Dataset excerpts
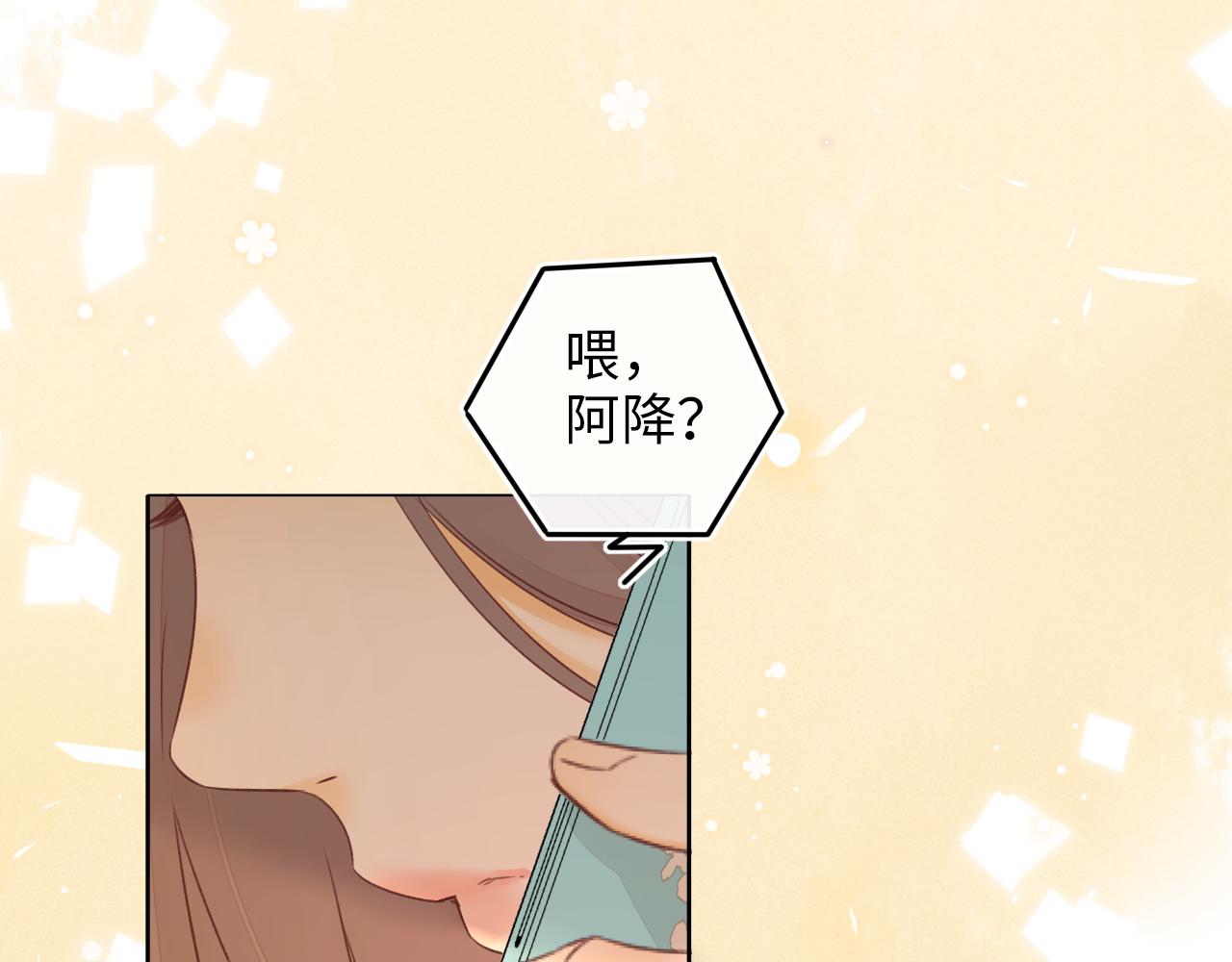 第17话 一夜未归51
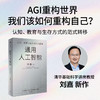 通用人工智能 商品缩略图0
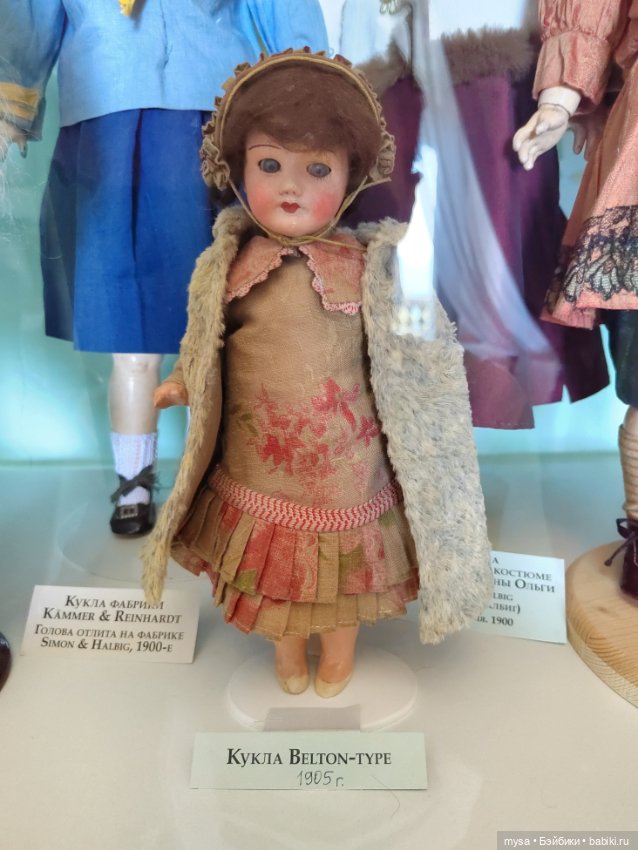 Царские куклы эпохи Николая II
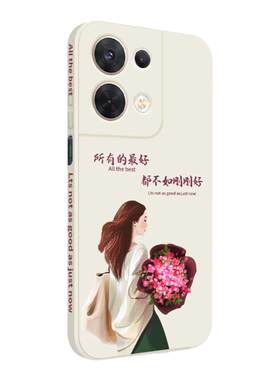 适用于opporeno8液态硅胶手机壳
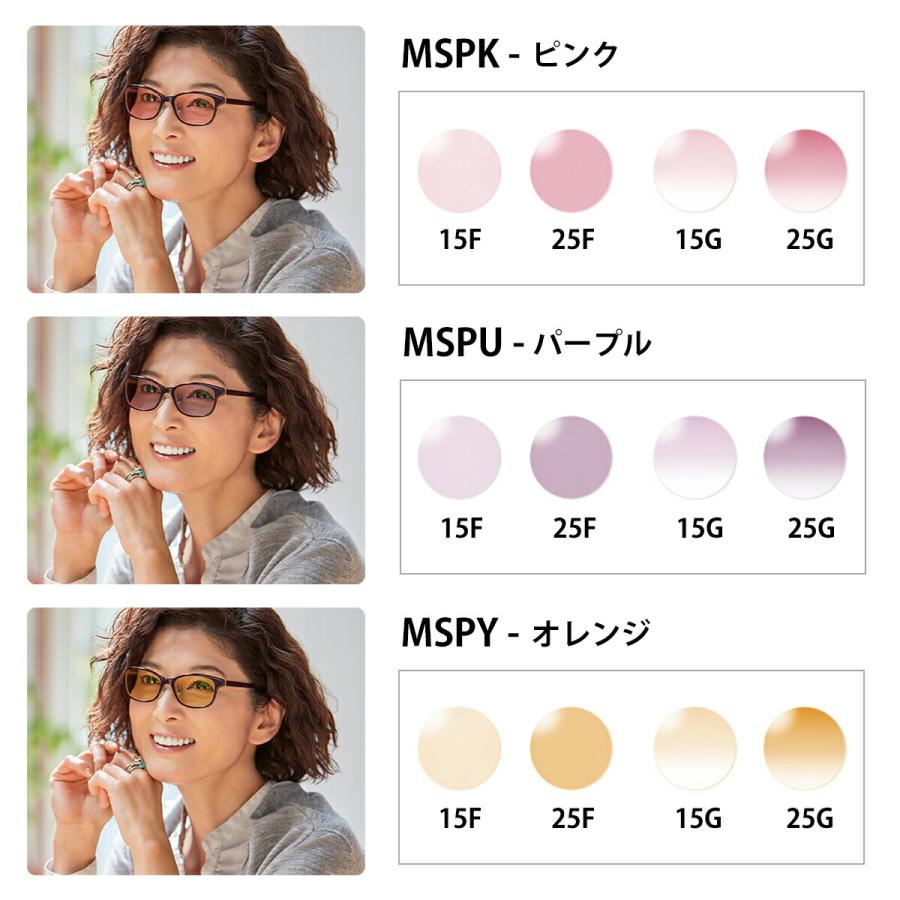HOYA レンズカラーオプション キャリアカラー HOYA Career Color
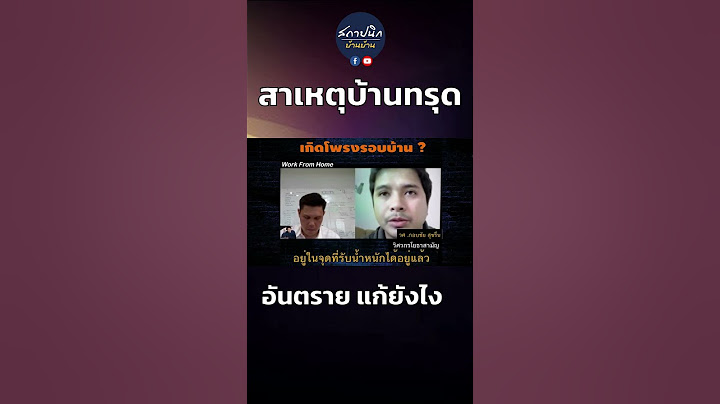 ปัญหาบ้านทรุด ช่วงหน้าฝน เกิดจากอะไร ? #shorts
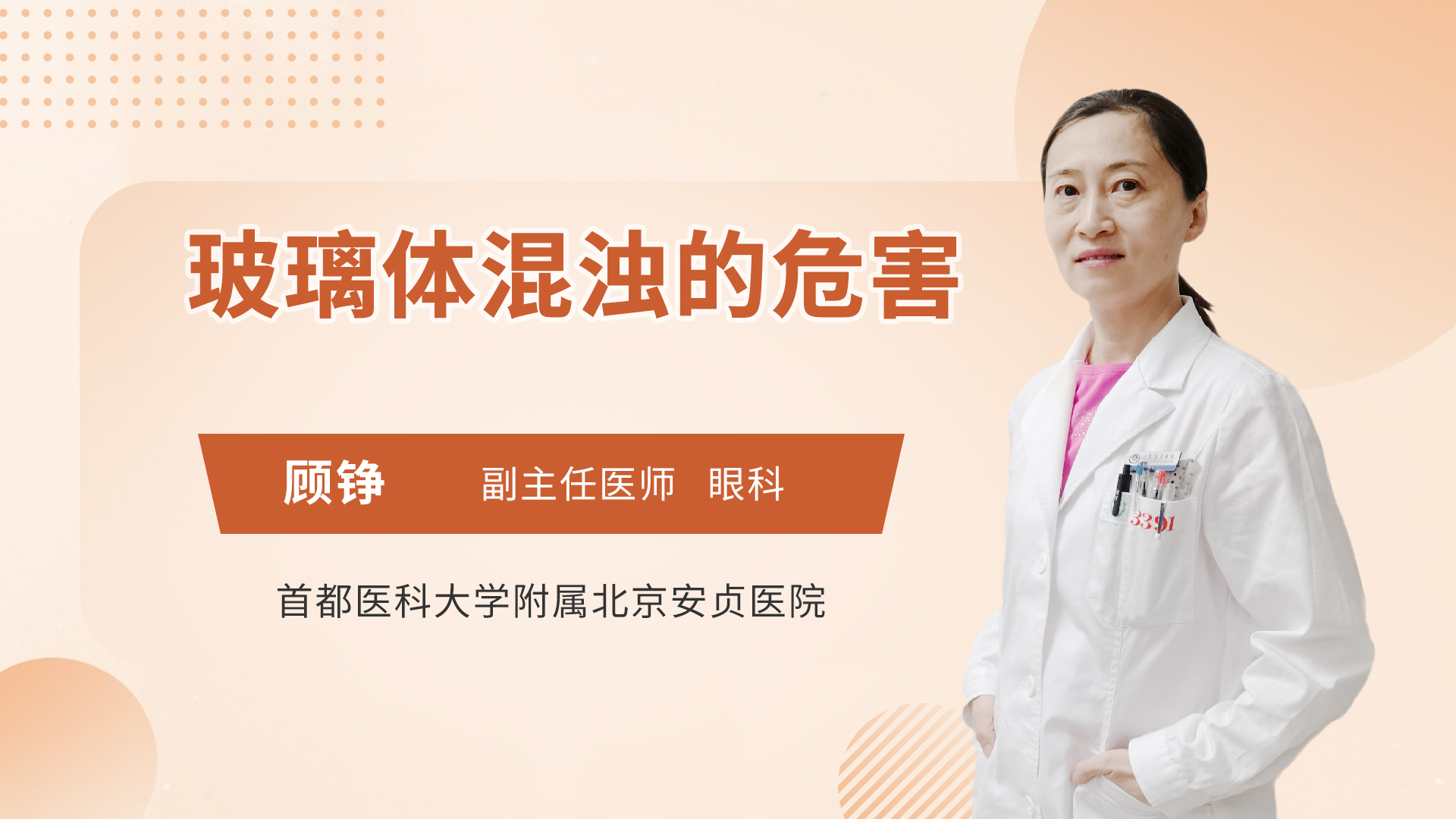 玻璃体混浊的危害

Prompt
All lines from the one containing "通用人工智能 商品缩略图0" through the end of the entries above must be given again exactly, with every picture omitted.

Result
 通用人工智能 商品缩略图0
 Царские куклы эпохи Николая II
 适用于opporeno8液态硅胶手机壳
HOYA レンズカラーオプション キャリアカラー HOYA Career Color
 ปัญหาบ้านทรุด ช่วงหน้าฝน เกิดจากอะไร ? #shorts
 玻璃体混浊的危害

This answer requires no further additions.